Today we’ve become very confused about the true spirit of America as we logically try to honor separation of church and state.  It’s left us with a culture lacking in moral conscience.  We find ourselves fighting the empty dogma of secular believers with fundamentalists filled with notions of their ‘rightness’.  Our attempts to impose belief from our ‘thoughts’ of ‘rightness’ fill our airwaves and politics with tremendous distraction from cultivating a practice of ‘not wanting’.  The pilgrim moves from the heart and Big Faith, with a deeper courage and curiosity to the mystery of life (and death).  The pilgrim spirit is not one of persuasion, driven from a desire to change another.  It’s driven from a deep spiritual place of reverence and respect for one another, recognizing the Divine in all things and all beings.  It recognizes our biggest command, “Be kind to one another, and at the least, try not to cause harm.”  Our health is found in cultivating joy through gratitude in the ‘gift of the given’, noting the antidote to greed, fear and ignoring as ‘awareness’, deepened through prayer and meditation.  I’m filled with expectant joy and gratitude for an America of opportunity, flexibility, curiosity, Big Faith, harmony and rhythm, gratitude, and kindness.  We’re a nation founded on kindness, moderation, and mindful consumption.  For me, this is what Occupy Wall Street is about,  a return to the pilgrim spirit of kindness and opportunity and a moral conscience that always first asks, “Where’s the harm (potential or present) in the thoughts, speech, and action we’re about to pursue?”  Our moral conscience can once again be found in the ancient Hawaiian mandate, “Best for all with harm to none.”

“The Lord is my shepherd.  I shall not want.”

4:6-7

King James Version (KJV)

4 Rejoice in the Lord alway: and again I say, Rejoice. 5 Let your moderation be known unto all men.
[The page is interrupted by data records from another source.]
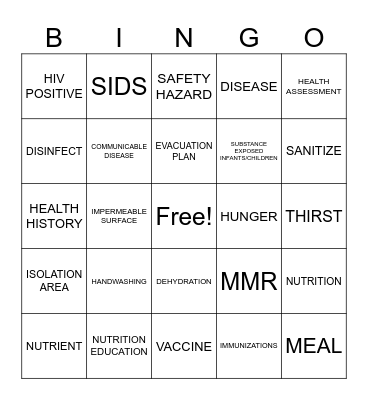 HEALTH SAFETY NUTRITION BINGO Card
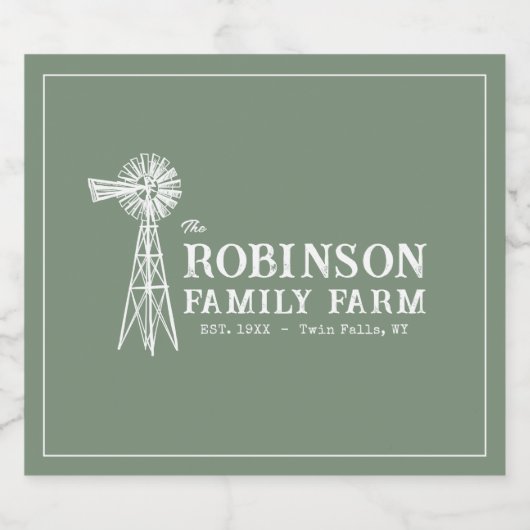 Familienaam Boerderij Rustic Windmill Sage Green Likeurfles Etiket (Enkel label)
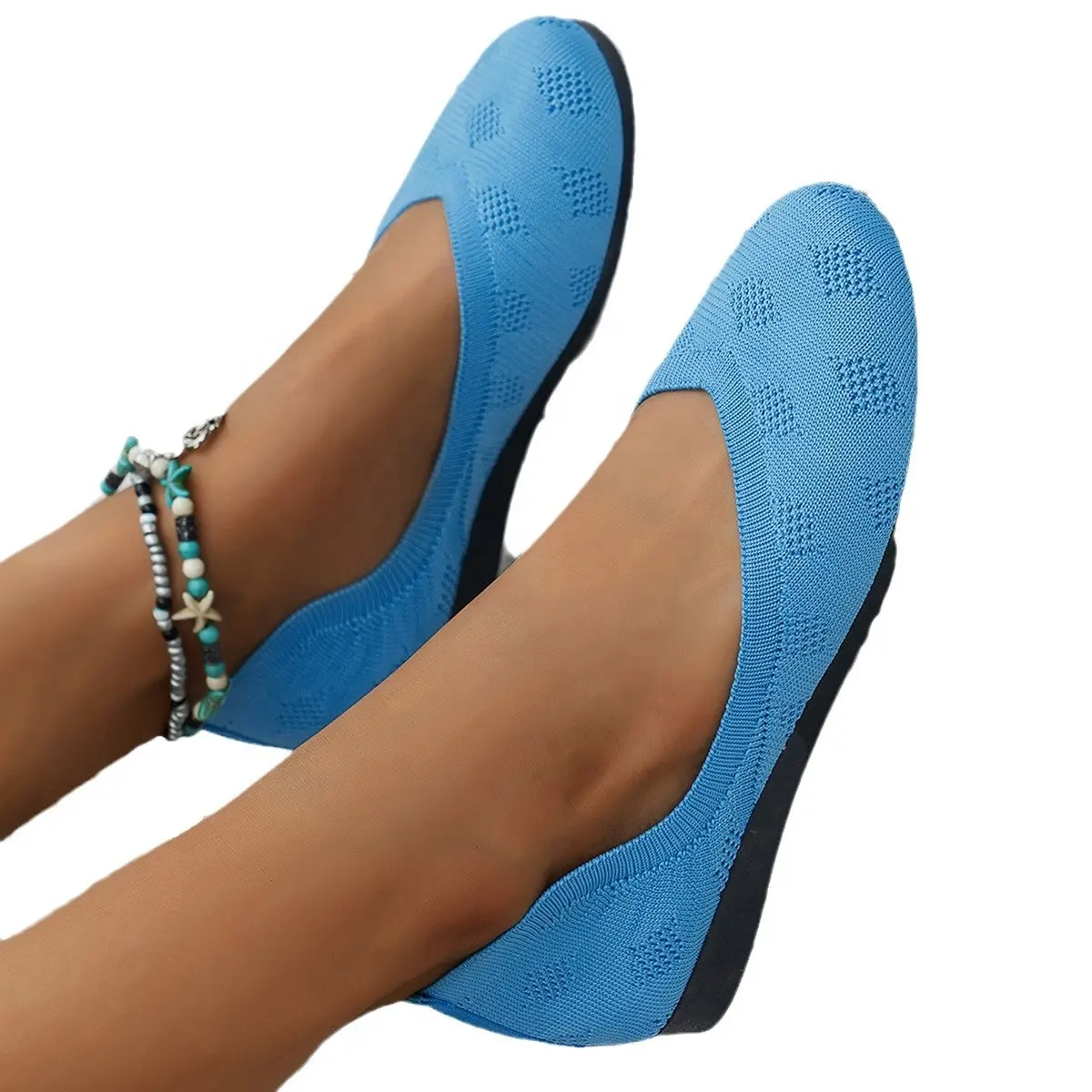 Nuove estive europee e americane scarpe basse con suola piatta a punta larga da donna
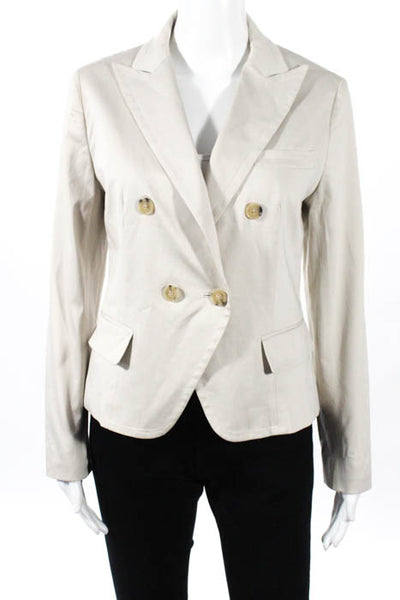 Theory Beige Cotton Peek Lapels Double Breasted Blazer Size 10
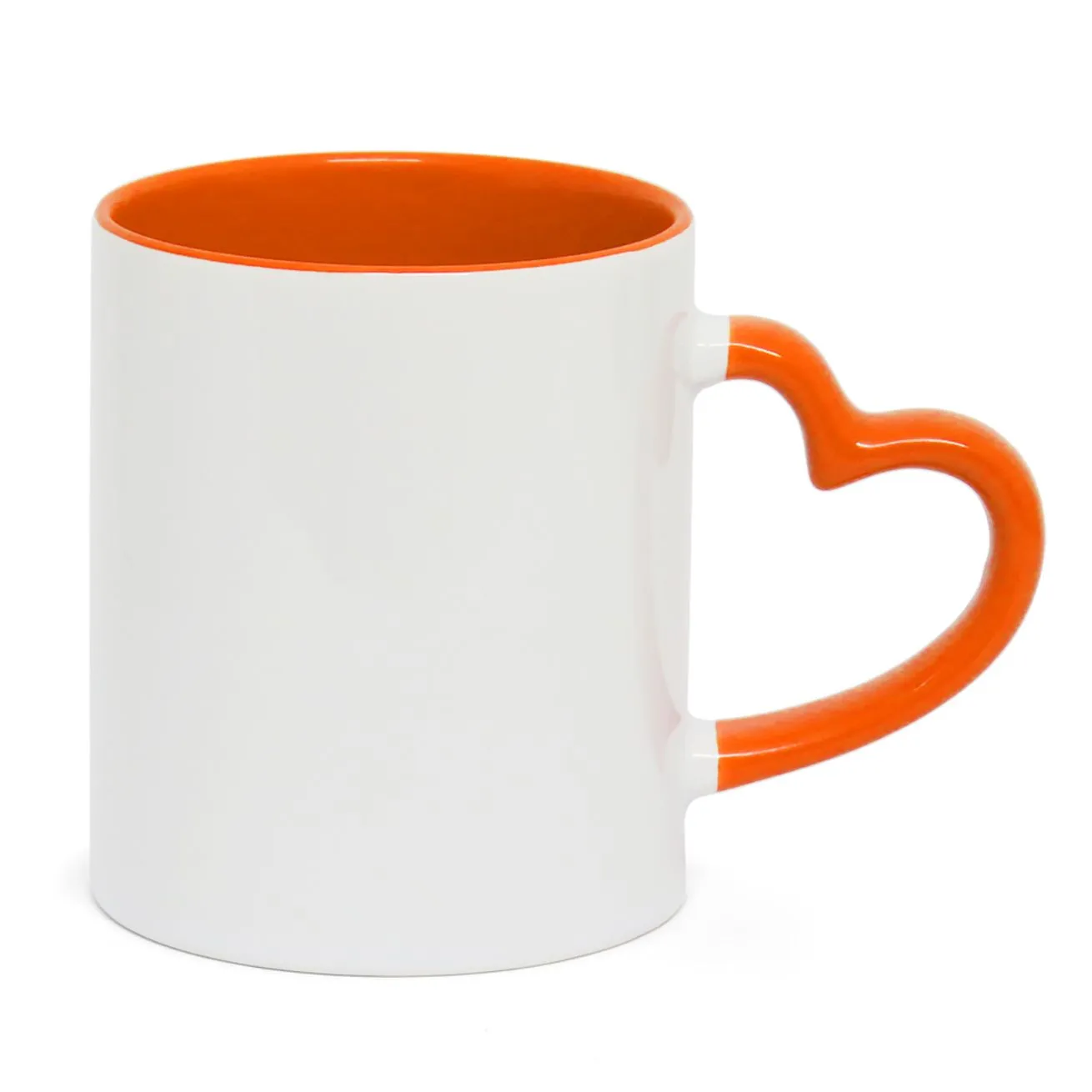 Caneca alça de Coracao e Interior Laranja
The Lord is at hand. 6 Be careful for nothing; but in every thing by prayer and supplication with thanksgiving let your requests be made known unto God. 7And the peace of God, which passeth all understanding, shall keep your hearts and minds through Christ Jesus.

Good News Translation (GNT)

6 Don’t worry about anything, but in all your prayers ask God for what you need, always asking him with a thankful heart.7 And God’s peace, which is far beyond human understanding, will keep your hearts and minds safe in union with Christ Jesus.

Life is difficult.  Our difficulties come from wanting conditions different from what they are in the face of change.  Our relief is found through prayer/meditation, embracing the moment’s gift outside our restless mind.